Procrustes alignment of 3D conformations, and calculation of the corresponding distances |$d_{\rm proc}(\cdot,\cdot)$|⁠, was performed using the R package vegan (Oksanen and others, 2019). We obtain the multiplex FISH medoid conformation based on the smallest row sum (2.17) of the dissimilarity matrix of normalized Procrustes distances (2.16) as described above. The |$111$| multiplex FISH replicate conformations are then aligned to the medoid as a prelude to calculating the average Procrustes conformation—our gold standard. Figure 4 shows the histogram of dissimilarities between multiplex FISH replicates and our derived gold standard that constitutes the reference distribution. We position the PoisMS reconstruction dissimilarities therein corresponding to the indicated series of degrees-of-freedom values. HSA reconstruction dissimilarity values are also included.

$Reference distribution measuring the dissimilarity between the gold standard $\bar M$ and 111 multiplex FISH replicate conformations $M_i$ for chromosome 20. The vertical orange lines correspond to the dissimilarity between $\bar M$ and the low-resolution reconstruction $\hat X_{df}$ calculated via PoisMS for different $df$ values; the light blue line corresponds to the HSA reconstruction (see Sections 2.9 and 2.10).$

Figure 4

Reference distribution measuring the dissimilarity between the gold standard |$\bar M$| and 111 multiplex FISH replicate conformations |$M_i$| for chromosome 20. The vertical orange lines correspond to the dissimilarity between |$\bar M$| and the low-resolution reconstruction |$\hat X_{df}$| calculated via PoisMS for different |$df$| values; the light blue line corresponds to the HSA reconstruction (see Sections 2.9 and 2.10).

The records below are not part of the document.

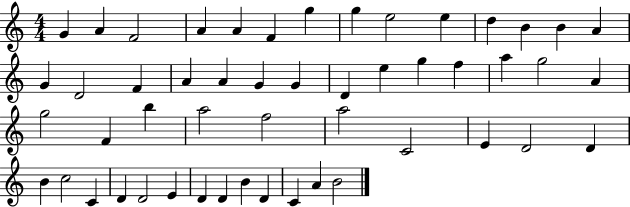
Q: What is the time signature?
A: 4/4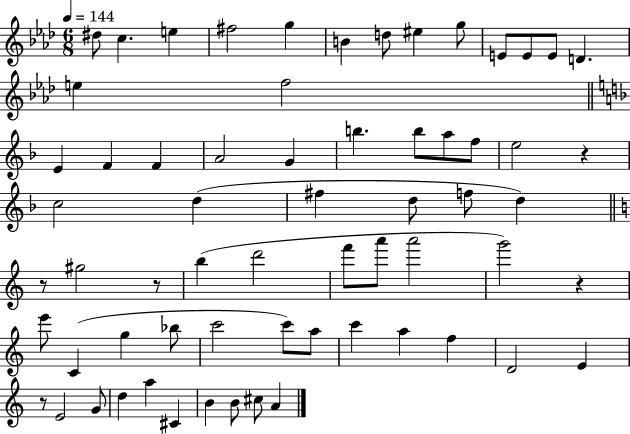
{
  \clef treble
  \numericTimeSignature
  \time 6/8
  \key aes \major
  \tempo 4 = 144
  dis''8 c''4. e''4 | fis''2 g''4 | b'4 d''8 eis''4 g''8 | e'8 e'8 e'8 d'4. | \break e''4 f''2 | \bar "||" \break \key f \major e'4 f'4 f'4 | a'2 g'4 | b''4. b''8 a''8 f''8 | e''2 r4 | \break c''2 d''4( | fis''4 d''8 f''8 d''4) | \bar "||" \break \key a \minor r8 gis''2 r8 | b''4( d'''2 | f'''8 a'''8 a'''2 | g'''2) r4 | \break e'''8 c'4( g''4 bes''8 | c'''2 c'''8) a''8 | c'''4 a''4 f''4 | d'2 e'4 | \break r8 e'2 g'8 | d''4 a''4 cis'4 | b'4 b'8 cis''8 a'4 | \bar "|."
}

Open in new tab Download slide

The following conclusions can be drawn from Figure 4. For chromosome 20 (see the Section S11 of the Supplementary material available at Biostatistics online for chromosome 21), all fits for PoisMS lie within the range of the multiplex FISH dissimilarity distribution that reflects experimental variation. The fact that the PoisMS dissimilarity values are in the left tail of this distribution indicates the accuracy of the proposed reconstructions, highlighting the utility of the proposed methodology. Further, that larger dissimilarity values pertain for HSA, particularly for chromosome 21, suggests that PoisMS performs at least comparably to this well benchmarked alternative. That PoisMS wall clock times are minutes rather than days for HSA is notable.

4. Discussion

Central to our principal curve based approaches to 3D chromatin reconstruction is that the configuration of an individual chromosome within the nucleus can be treated as a contiguous 1D curve since the diameter of the chromatin fiber is negligible compared to the nuclear volume. The extent to which the curve is “smooth” is determined by an adaptively selected degrees-of-freedom parameter. As mentioned in Section 1, previous reconstruction methods either impart contiguity indirectly by prescribing constraints, which are difficult to specify, or impose it post hoc. In comparison, our methods based on principal curves are computationally efficient, readily scale to high resolution contact data and are parsimonious with regard tuning parameters.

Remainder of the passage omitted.